In 1993, in a Democratic-controlled Congress, Oklahoma Republican Jim Inhofe successfully filed a discharge petition about making signatures on discharge petitions public. The move was billed as an effort to increase transparency in government, whereas before, they were only published in the congressional record after all 218 signatures were gotten — meaning that petitions that didn’t hit the mark faded away, even if they had an impact on the course of other legislation. Inhofe leaked a list of 223 members who were refusing to sign his petition to the Wall Street Journal.
“Now members of Congress can be pressured by constituents to sign a discharge petition,” says Pearson. “Constituents] can go to the [House] clerk’s website to see if a member signs it. That wasn’t the case before,” says Pearson.
After some Republicans signed the discharge petition to force the House floor to vote on the Shays-Meehan campaign finance reform bill (known as McCain-Feingold in the Senate), Republican leaders warned members not to do that again. Since discharge petition signatures became public, the only discharge petitions that have resulted in bills enacted into law have been Shays-Meehan in 2002 and a reauthorization of the charter of the Export-Import Bank in 2015.
“Having a law enacted exactly as it’s spelled out on the discharge petition is very rare because it’s a very cumbersome process,” says Pearson.
Nowadays, as Pearson sees it, discharge petitions have evolved from a tactic used to go over the heads of committee chairs, to a tactic used to go over the heads of majority party leadership. Just as discharge petitions were popular when the Democratic party was divided within, the latest discharge petition reflects internal divisions within the Republican party.

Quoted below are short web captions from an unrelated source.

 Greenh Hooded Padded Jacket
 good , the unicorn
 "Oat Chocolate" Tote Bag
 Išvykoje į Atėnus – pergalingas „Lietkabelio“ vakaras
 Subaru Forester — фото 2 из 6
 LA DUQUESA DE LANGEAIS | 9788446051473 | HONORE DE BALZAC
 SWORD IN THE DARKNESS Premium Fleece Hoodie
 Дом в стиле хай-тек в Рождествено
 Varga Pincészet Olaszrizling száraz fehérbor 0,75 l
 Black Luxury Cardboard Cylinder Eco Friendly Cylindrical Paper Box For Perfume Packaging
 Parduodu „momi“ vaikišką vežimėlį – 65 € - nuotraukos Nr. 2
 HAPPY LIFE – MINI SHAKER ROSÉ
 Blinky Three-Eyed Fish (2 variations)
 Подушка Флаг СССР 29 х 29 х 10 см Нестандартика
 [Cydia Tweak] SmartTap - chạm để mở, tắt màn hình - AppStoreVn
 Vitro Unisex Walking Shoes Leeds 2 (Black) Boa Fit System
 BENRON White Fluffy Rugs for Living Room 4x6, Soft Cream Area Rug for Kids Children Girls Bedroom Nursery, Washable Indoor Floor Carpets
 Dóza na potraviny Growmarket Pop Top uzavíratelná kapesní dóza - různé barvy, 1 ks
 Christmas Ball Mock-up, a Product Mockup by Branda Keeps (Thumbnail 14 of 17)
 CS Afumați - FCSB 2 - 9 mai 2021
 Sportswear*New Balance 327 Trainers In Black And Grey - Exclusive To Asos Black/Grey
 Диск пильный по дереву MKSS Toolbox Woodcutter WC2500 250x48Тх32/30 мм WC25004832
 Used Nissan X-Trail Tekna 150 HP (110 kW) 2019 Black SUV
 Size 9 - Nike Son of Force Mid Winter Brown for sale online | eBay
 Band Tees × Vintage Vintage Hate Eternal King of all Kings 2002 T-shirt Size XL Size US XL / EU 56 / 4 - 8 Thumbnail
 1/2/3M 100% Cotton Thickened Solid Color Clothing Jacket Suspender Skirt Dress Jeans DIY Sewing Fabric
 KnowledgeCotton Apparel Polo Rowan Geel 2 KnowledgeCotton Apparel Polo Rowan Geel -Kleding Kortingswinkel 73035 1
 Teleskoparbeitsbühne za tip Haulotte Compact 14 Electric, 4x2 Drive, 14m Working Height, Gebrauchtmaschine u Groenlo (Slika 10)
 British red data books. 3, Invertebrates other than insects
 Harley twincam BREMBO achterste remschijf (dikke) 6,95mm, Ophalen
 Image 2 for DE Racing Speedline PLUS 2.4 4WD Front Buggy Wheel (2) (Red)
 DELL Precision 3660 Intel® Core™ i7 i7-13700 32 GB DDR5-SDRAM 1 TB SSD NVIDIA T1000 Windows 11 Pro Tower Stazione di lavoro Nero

“In the modern era of a very partisan Congress and polarized parties, discharge petitions have mainly been used by the minority party; there are plenty filed by minority parties, but it’s more a sign of protest,” she says. This latest discharge petition is different from recent ones because a significant number of signatories “are members of majority party challenging the majority party’s agenda control, moderate Republicans trying to overcome majority party leadership gate-keeping.”